● Description of the task
In the material below, find every line with "PAGE" and pull it out.
______________________________
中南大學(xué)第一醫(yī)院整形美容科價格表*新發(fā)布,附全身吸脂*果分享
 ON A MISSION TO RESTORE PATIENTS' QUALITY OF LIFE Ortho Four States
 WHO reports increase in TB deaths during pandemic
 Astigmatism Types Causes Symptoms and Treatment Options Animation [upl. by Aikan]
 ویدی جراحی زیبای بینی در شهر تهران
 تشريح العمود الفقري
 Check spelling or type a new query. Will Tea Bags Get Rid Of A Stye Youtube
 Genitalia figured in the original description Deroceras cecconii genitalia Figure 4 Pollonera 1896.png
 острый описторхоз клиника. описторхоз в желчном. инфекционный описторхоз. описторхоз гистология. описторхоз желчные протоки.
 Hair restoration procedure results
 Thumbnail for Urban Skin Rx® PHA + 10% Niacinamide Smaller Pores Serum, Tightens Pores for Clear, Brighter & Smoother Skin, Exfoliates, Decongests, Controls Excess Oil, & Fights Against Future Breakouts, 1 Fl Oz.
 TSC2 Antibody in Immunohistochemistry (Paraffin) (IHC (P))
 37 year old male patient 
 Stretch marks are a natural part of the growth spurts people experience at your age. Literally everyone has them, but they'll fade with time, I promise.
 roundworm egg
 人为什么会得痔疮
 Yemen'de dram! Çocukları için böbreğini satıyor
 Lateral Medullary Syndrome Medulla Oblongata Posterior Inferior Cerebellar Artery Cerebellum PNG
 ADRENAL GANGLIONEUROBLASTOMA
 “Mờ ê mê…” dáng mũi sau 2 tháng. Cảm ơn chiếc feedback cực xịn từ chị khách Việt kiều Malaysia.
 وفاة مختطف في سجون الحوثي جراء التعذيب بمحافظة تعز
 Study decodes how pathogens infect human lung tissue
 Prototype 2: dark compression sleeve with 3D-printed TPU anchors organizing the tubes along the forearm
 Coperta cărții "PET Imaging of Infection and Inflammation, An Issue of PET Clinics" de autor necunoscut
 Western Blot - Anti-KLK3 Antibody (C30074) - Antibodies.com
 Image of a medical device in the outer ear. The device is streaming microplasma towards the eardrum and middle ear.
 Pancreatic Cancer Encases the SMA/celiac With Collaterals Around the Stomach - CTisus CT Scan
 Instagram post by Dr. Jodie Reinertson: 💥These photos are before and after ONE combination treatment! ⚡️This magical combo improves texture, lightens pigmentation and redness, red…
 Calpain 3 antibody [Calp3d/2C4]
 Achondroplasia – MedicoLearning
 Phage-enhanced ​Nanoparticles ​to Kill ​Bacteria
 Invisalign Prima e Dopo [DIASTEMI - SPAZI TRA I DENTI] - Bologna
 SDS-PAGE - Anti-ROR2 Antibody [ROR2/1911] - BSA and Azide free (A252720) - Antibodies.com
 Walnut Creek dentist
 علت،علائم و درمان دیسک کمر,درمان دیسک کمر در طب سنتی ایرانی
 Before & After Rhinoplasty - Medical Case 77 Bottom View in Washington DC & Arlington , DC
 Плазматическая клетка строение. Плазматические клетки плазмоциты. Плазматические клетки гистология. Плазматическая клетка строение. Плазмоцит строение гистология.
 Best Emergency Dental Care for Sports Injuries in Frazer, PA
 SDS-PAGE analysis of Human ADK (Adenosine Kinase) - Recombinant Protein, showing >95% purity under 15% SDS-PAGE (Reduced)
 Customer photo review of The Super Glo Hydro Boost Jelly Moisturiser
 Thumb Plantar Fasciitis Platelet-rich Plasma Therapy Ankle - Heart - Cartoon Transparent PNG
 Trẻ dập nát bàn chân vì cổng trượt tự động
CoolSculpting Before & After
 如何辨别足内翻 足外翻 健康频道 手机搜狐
______________________________
● Exercise response
 SDS-PAGE - Anti-ROR2 Antibody [ROR2/1911] - BSA and Azide free (A252720) - Antibodies.com
 SDS-PAGE analysis of Human ADK (Adenosine Kinase) - Recombinant Protein, showing >95% purity under 15% SDS-PAGE (Reduced)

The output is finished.